== Task prompt ==
Starting at the top line, print the entries below exactly as they are and skip every picture.

Brief descriptive captions
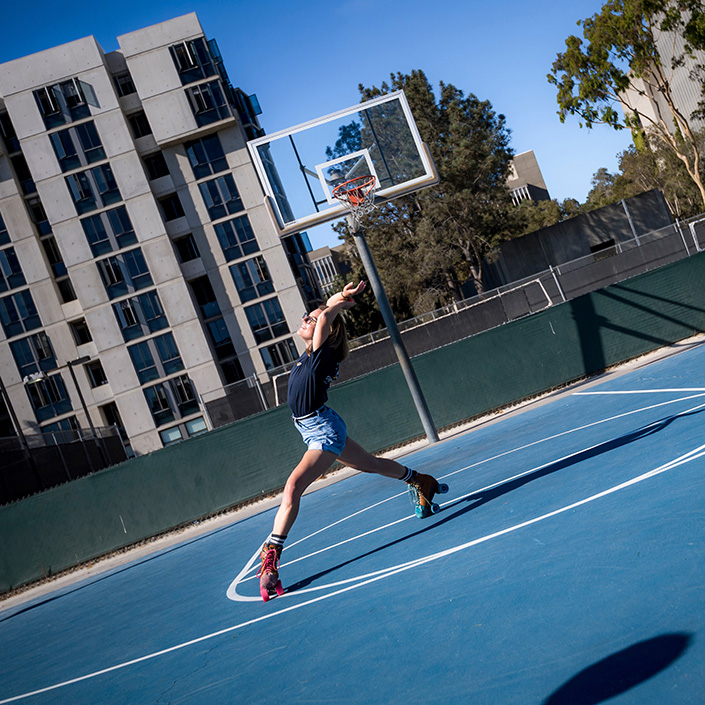 Student looks to the sky while roller skating on basketball court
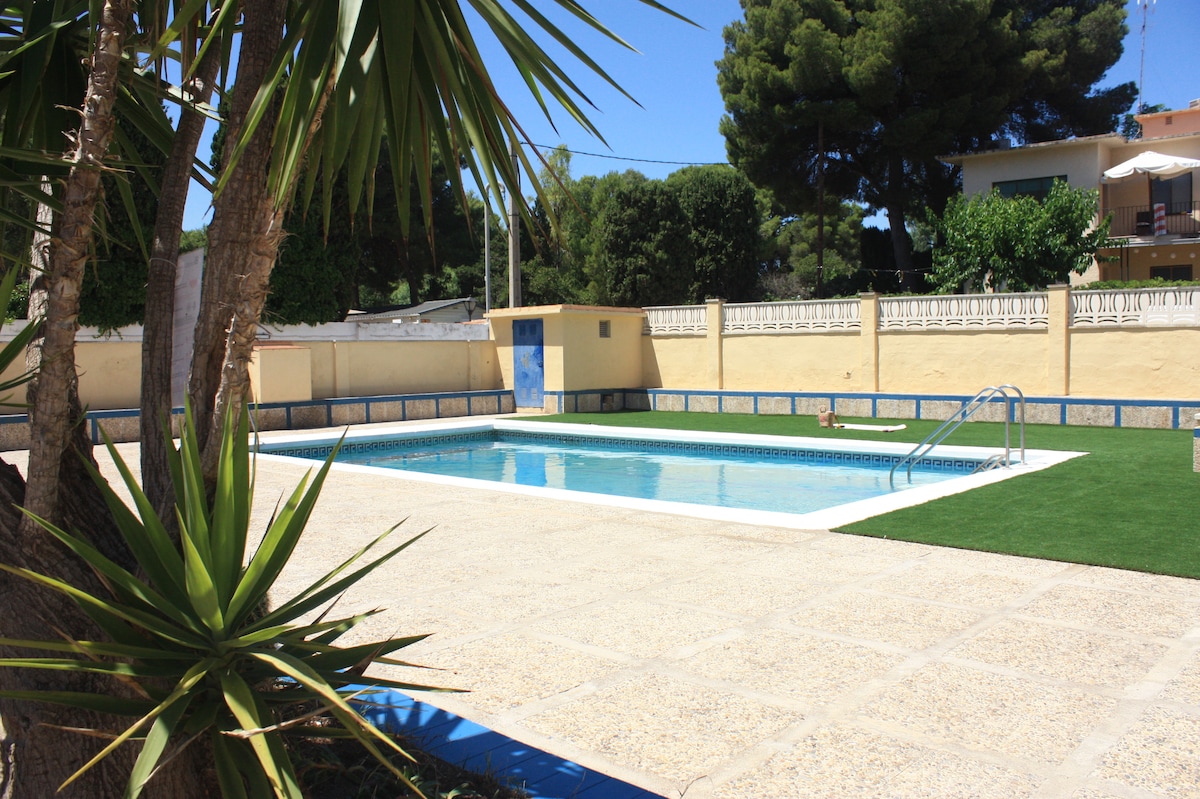 A community swimming pool is set within a landscaped area, featuring a clear blue water surface. Surrounding palm trees and green grass create a relaxing environment, while the pool deck provides ample space for sunbathing. A ladder leads into the water.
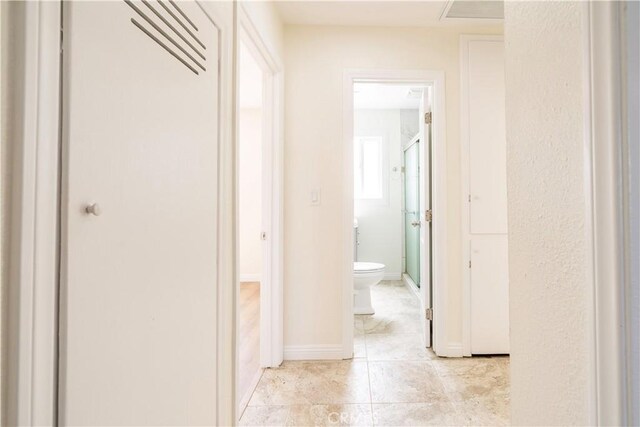 5402 N Fairvalley Ave, Covina, CA 91722 - hallway with light tile patterned flooring and baseboards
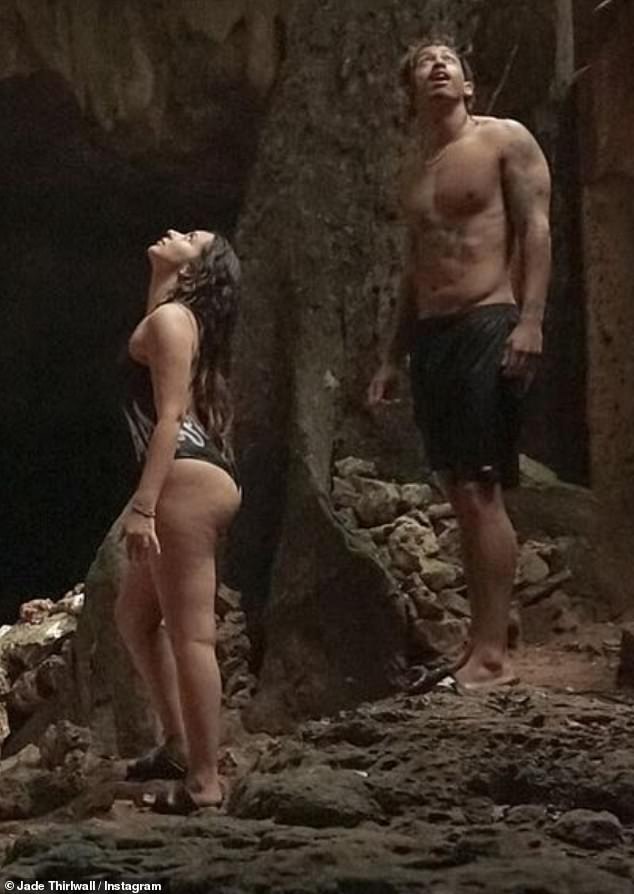 Couple: The Little Mix star, 30, donned the figure-hugging one-piece as she and her partner, 31, explored a cave system on their trip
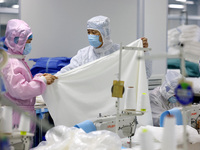 Qiu Zhanglei, a master's student, is checking the quality of medical products being produced in a workshop of a private medical device manuf...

== Result of the task ==
 Student looks to the sky while roller skating on basketball court
 A community swimming pool is set within a landscaped area, featuring a clear blue water surface. Surrounding palm trees and green grass create a relaxing environment, while the pool deck provides ample space for sunbathing. A ladder leads into the water.
 5402 N Fairvalley Ave, Covina, CA 91722 - hallway with light tile patterned flooring and baseboards
 Couple: The Little Mix star, 30, donned the figure-hugging one-piece as she and her partner, 31, explored a cave system on their trip
 Qiu Zhanglei, a master's student, is checking the quality of medical products being produced in a workshop of a private medical device manuf...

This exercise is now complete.